___ MATERIAL PROVIDED ___
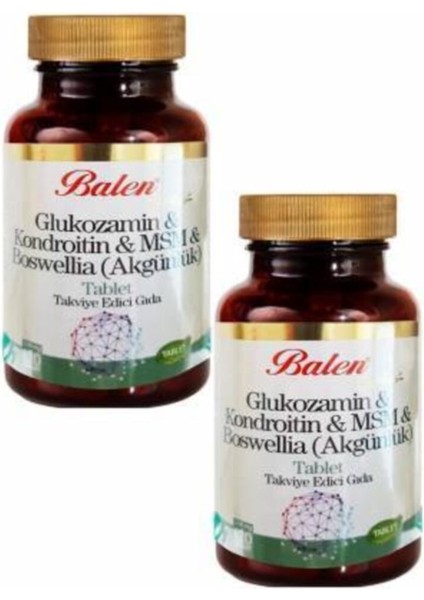 2 Kutu Glukozamin Kondroitin Msm Boswellia Akgünlük Glukosamin Bosvelya 120 Tablet X 1200 Mgx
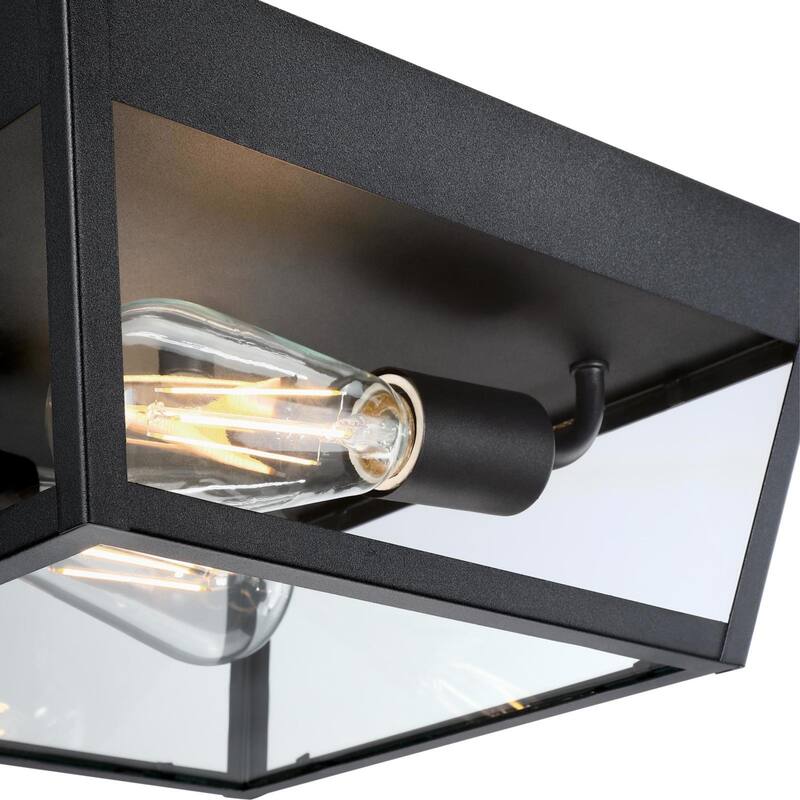 Westinghouse Lighting Peterson 12 Inch, Two Light Outdoor Flush Mount Ceiling Fixture, Textured Black Finish, Clear Glass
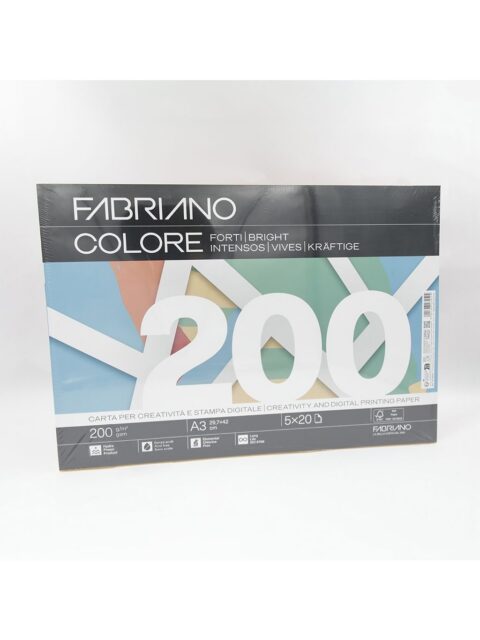 Papir Fabriano Colore A3/200g miješani tamni 100L 19100818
___
> **YOUR GOAL**: Line for line, retype the material exactly, omitting any pictures.

> **REPLY**:
 2 Kutu Glukozamin Kondroitin Msm Boswellia Akgünlük Glukosamin Bosvelya 120 Tablet X 1200 Mgx
 Westinghouse Lighting Peterson 12 Inch, Two Light Outdoor Flush Mount Ceiling Fixture, Textured Black Finish, Clear Glass
 Papir Fabriano Colore A3/200g miješani tamni 100L 19100818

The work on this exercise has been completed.